* _Record excerpts_:
Start of Block

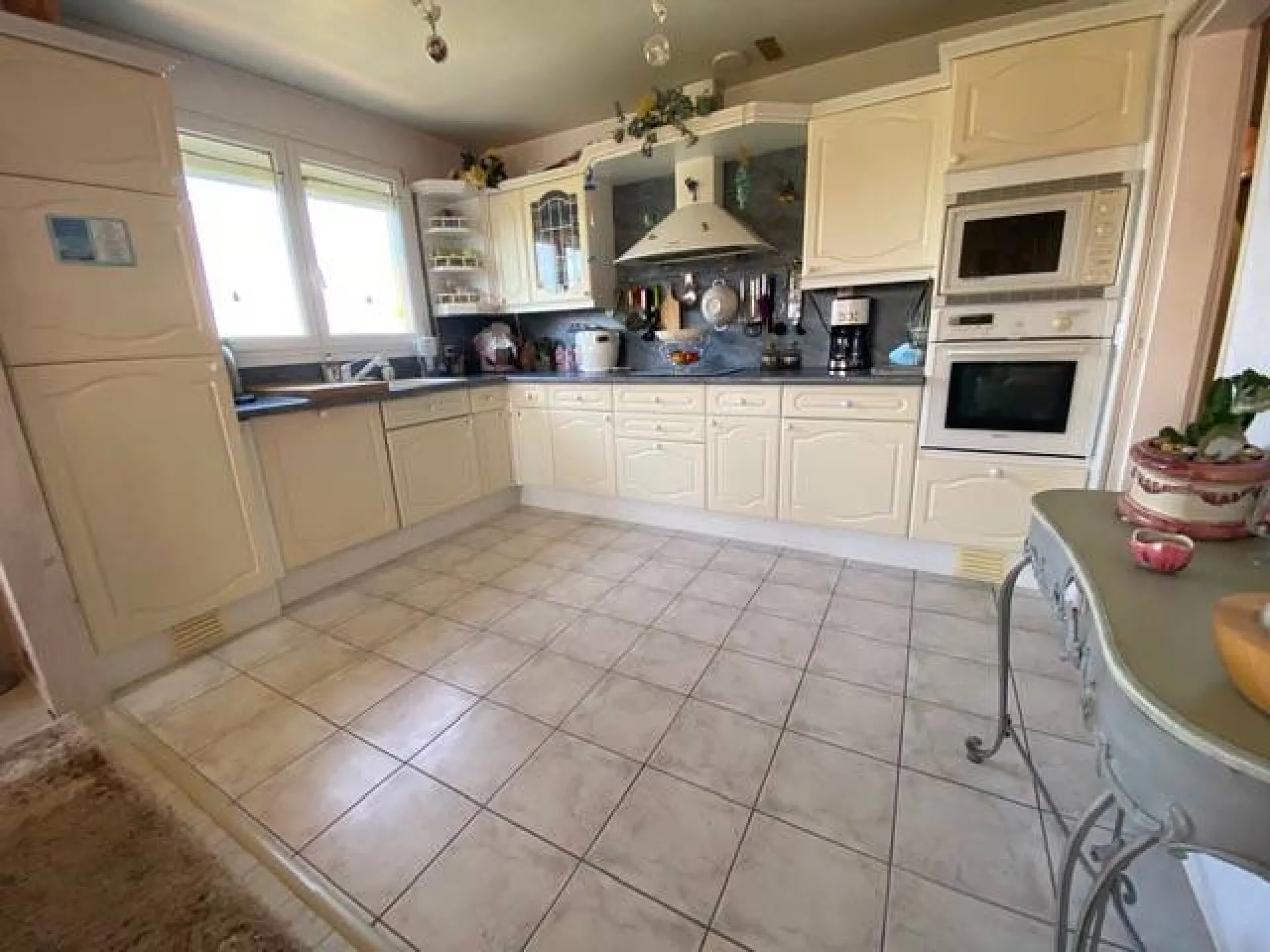 A acheter, superbe maison familiale de 130m² env., 6 chambres avec sous sol et grand jardin sur la commune de TOURVILLE LA RIVIÈRE 76410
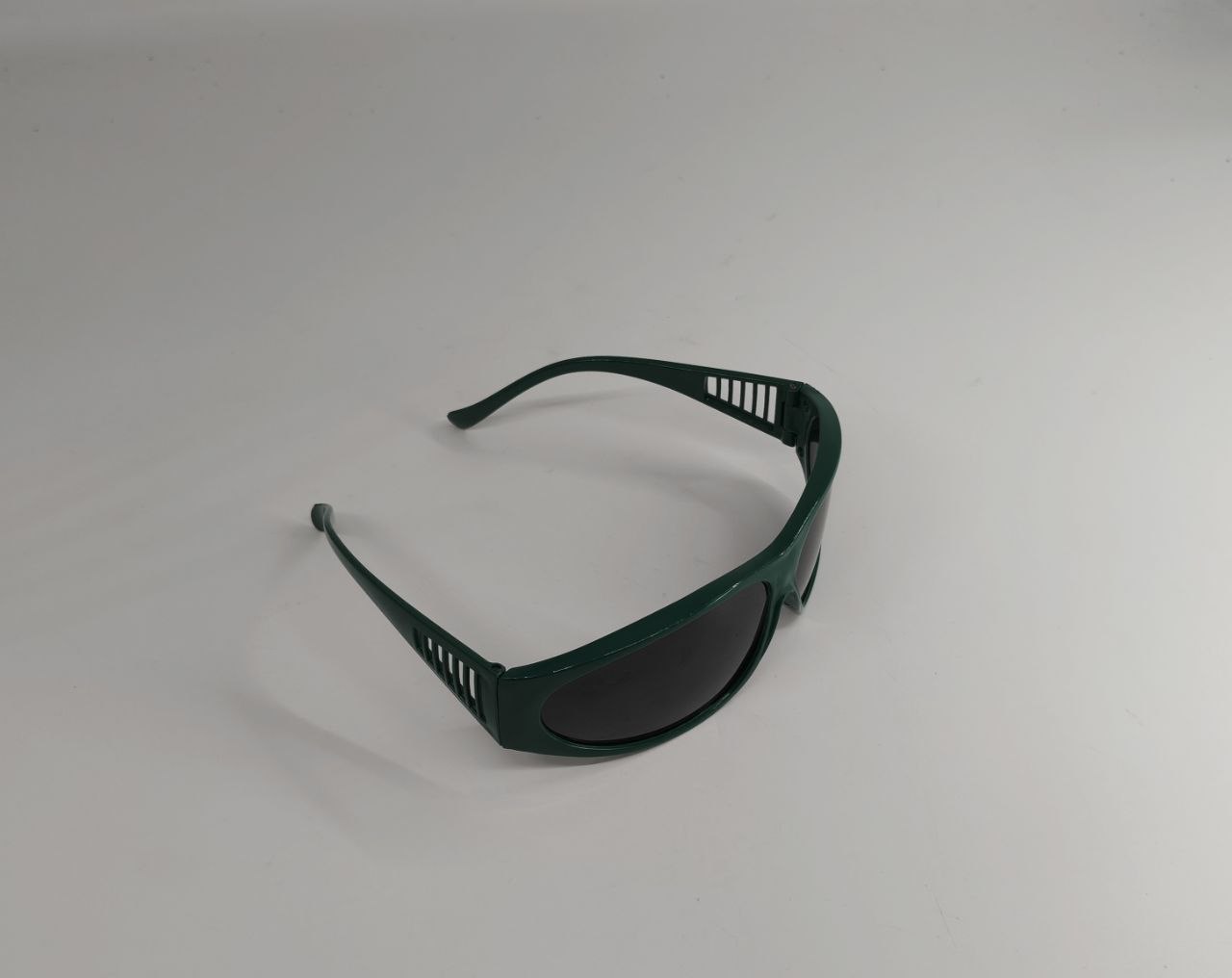 Очки защитные темные YONK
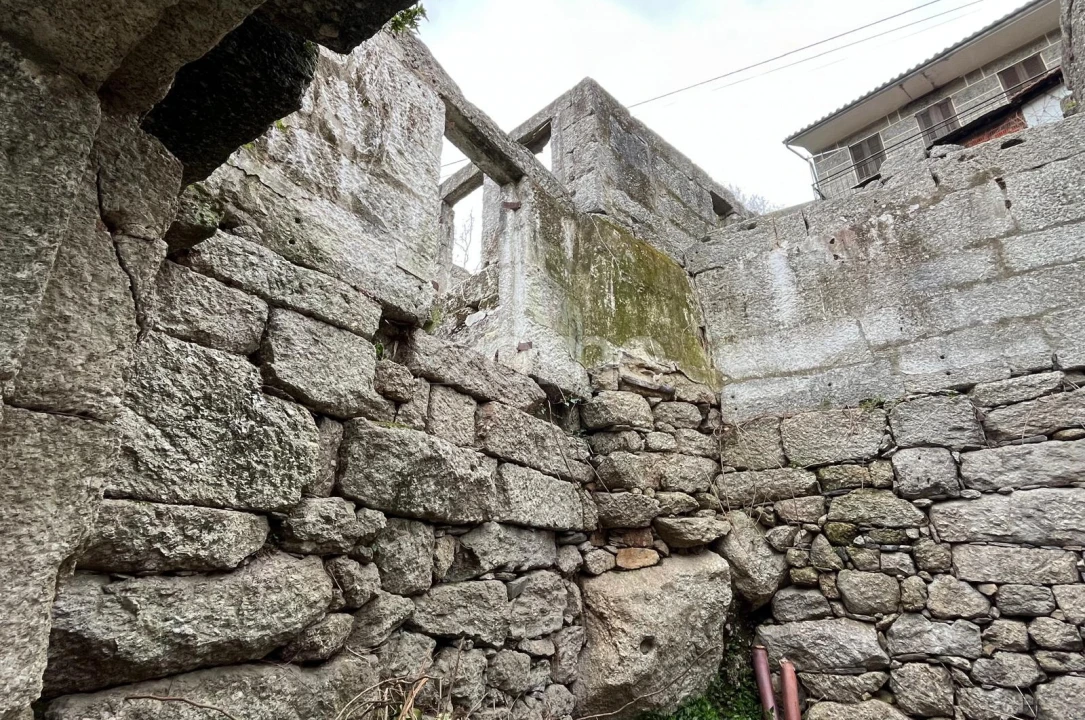 Moradia T7 para Venda em Amarante (São Gonçalo), Madalena, Cepelos e Gatão Foto 9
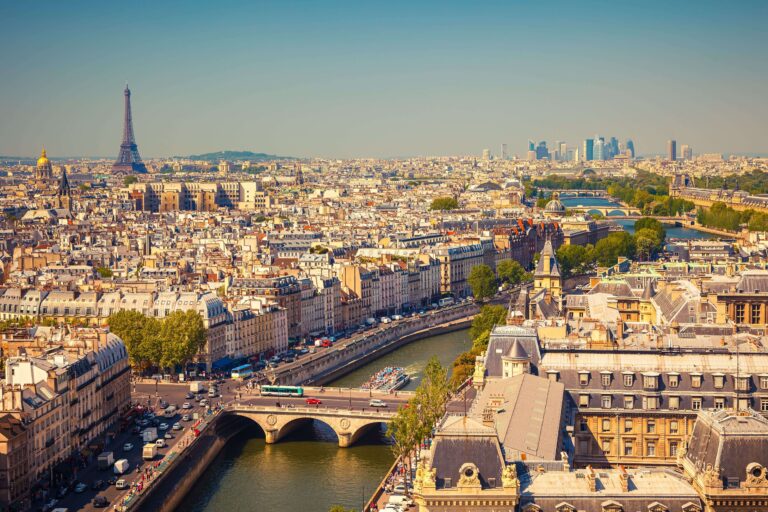 Les 10 Plus Grandes Villes de France en Superficie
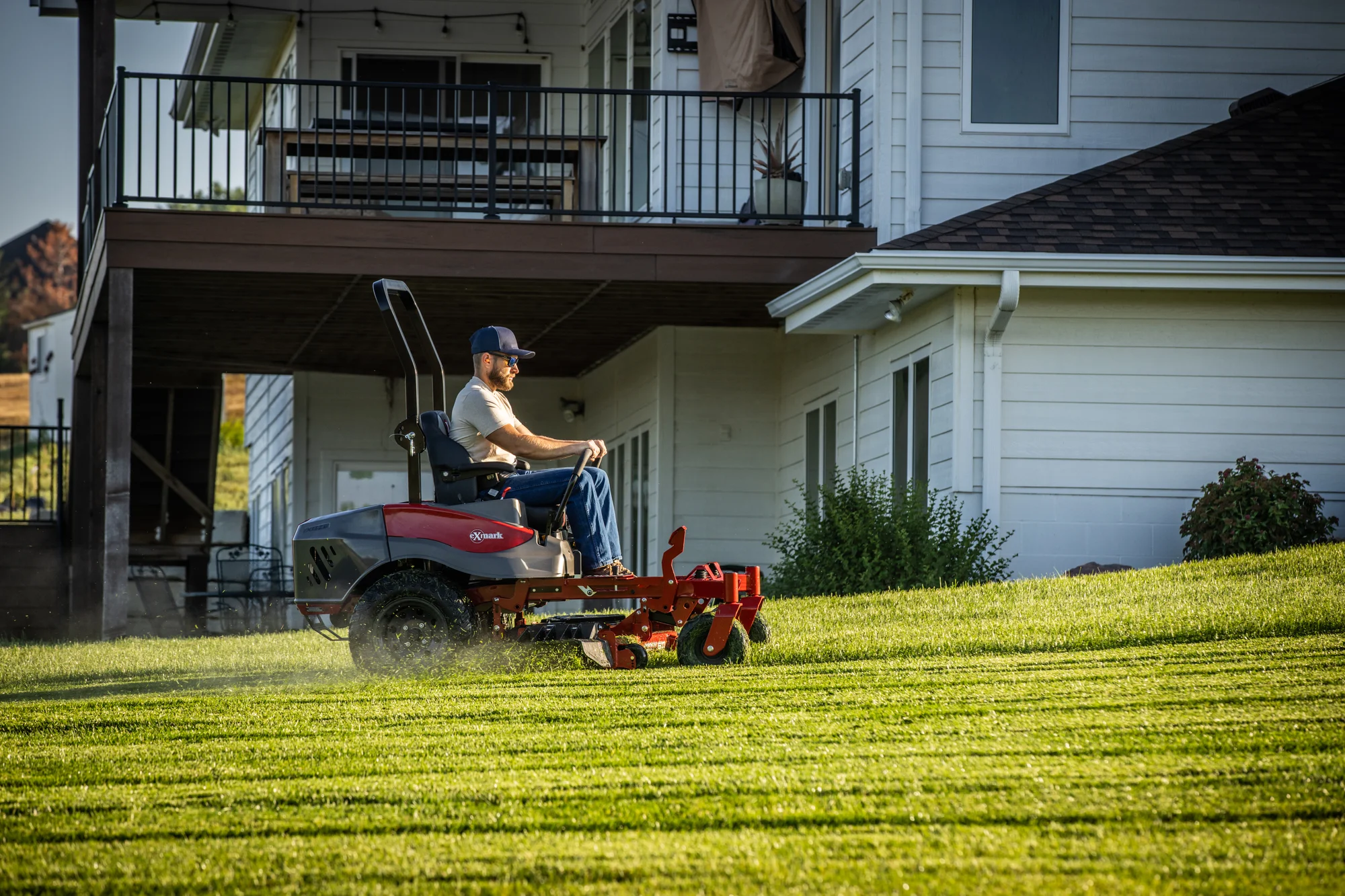 Exmark Radius S Series Zero Turn Riders Heavy Duty Hydro Drive System feature image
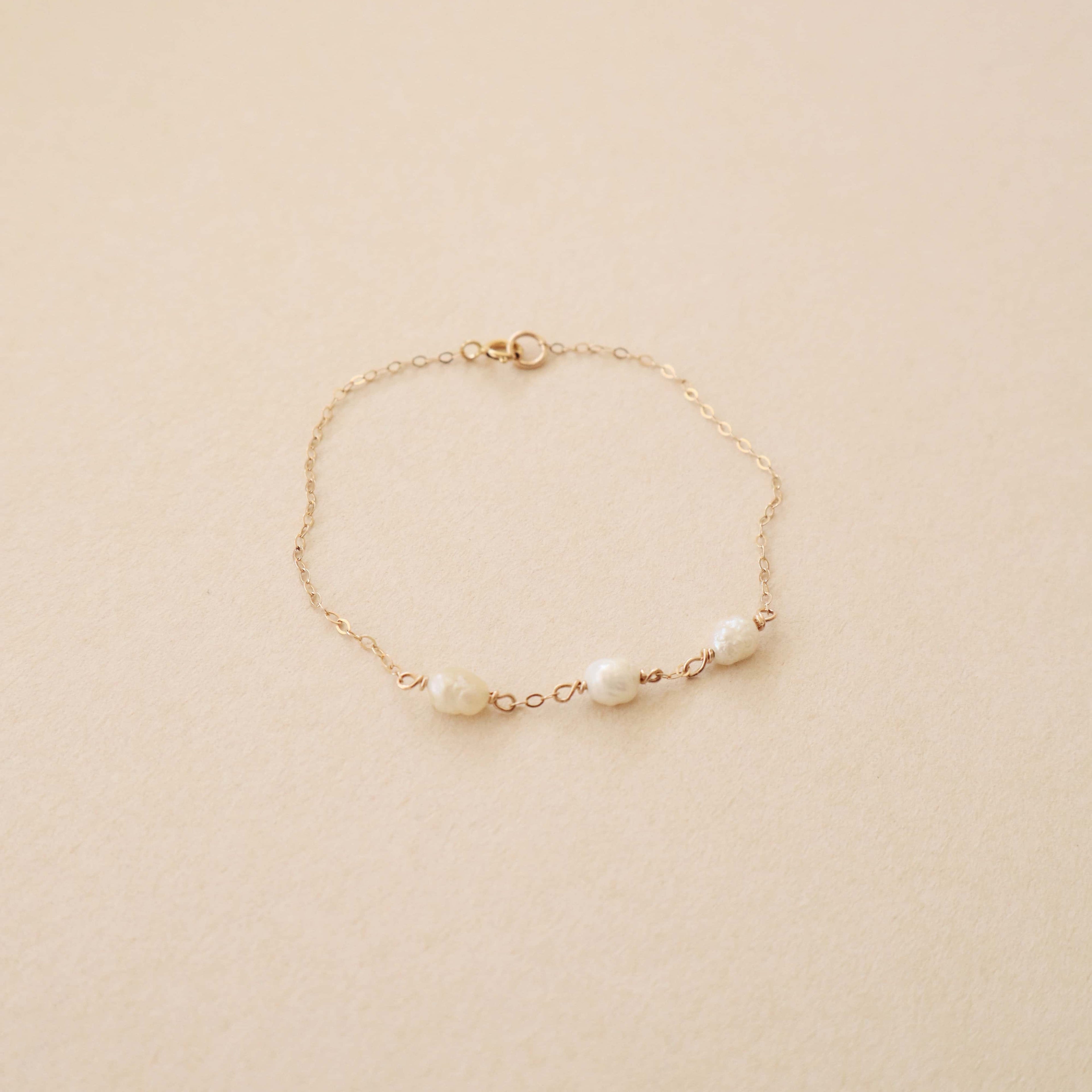 Pearls Bracelet PeacePiecesJewelry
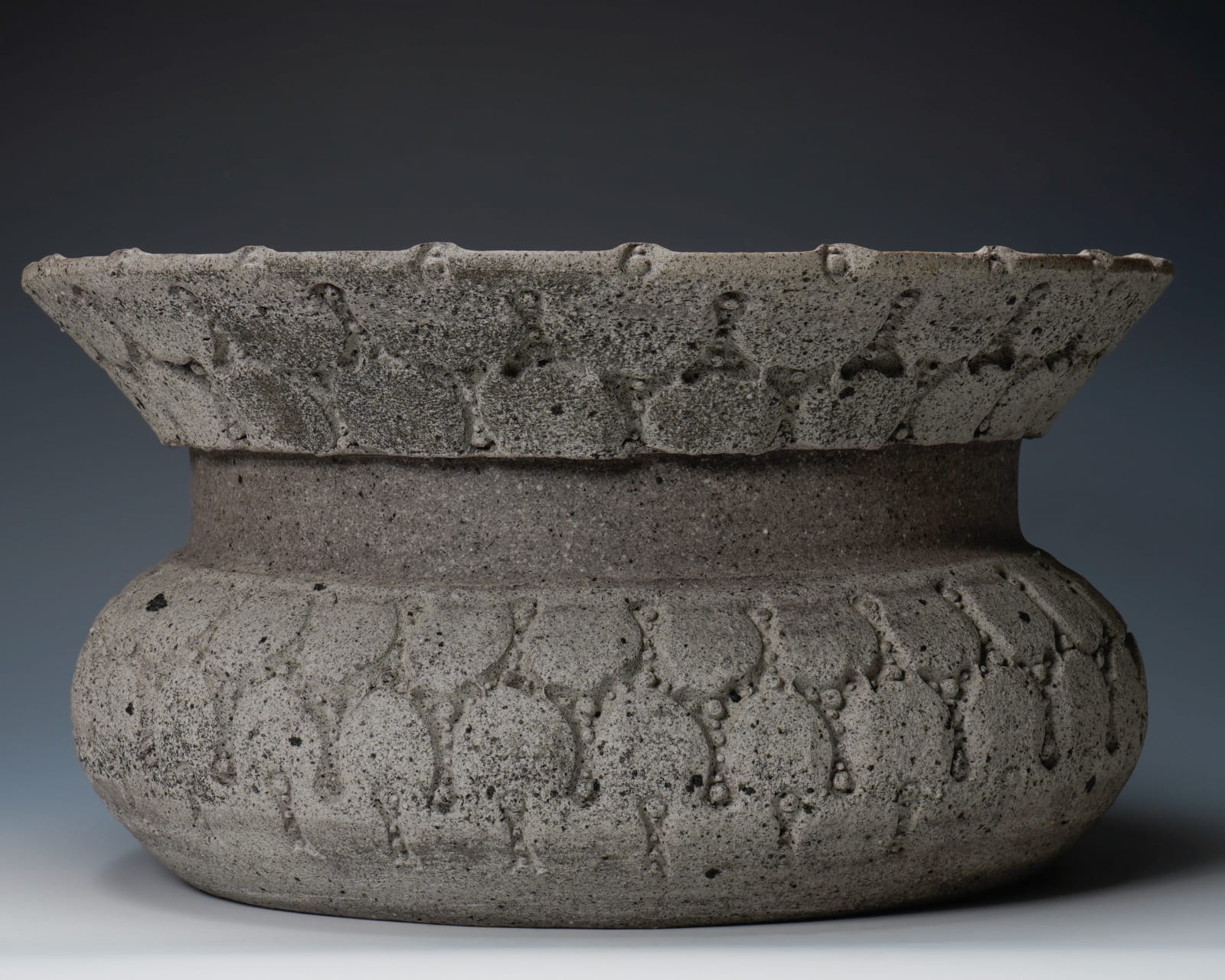 Koinuma Michio 肥沼美智雄, Large Jar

End of Block

* _Task to complete_:
Output every record exactly, minus the pictures.

* _Problem solution_:
 A acheter, superbe maison familiale de 130m² env., 6 chambres avec sous sol et grand jardin sur la commune de TOURVILLE LA RIVIÈRE 76410
 Очки защитные темные YONK
 Moradia T7 para Venda em Amarante (São Gonçalo), Madalena, Cepelos e Gatão Foto 9
 Les 10 Plus Grandes Villes de France en Superficie
 Exmark Radius S Series Zero Turn Riders Heavy Duty Hydro Drive System feature image
 Pearls Bracelet PeacePiecesJewelry
 Koinuma Michio 肥沼美智雄, Large Jar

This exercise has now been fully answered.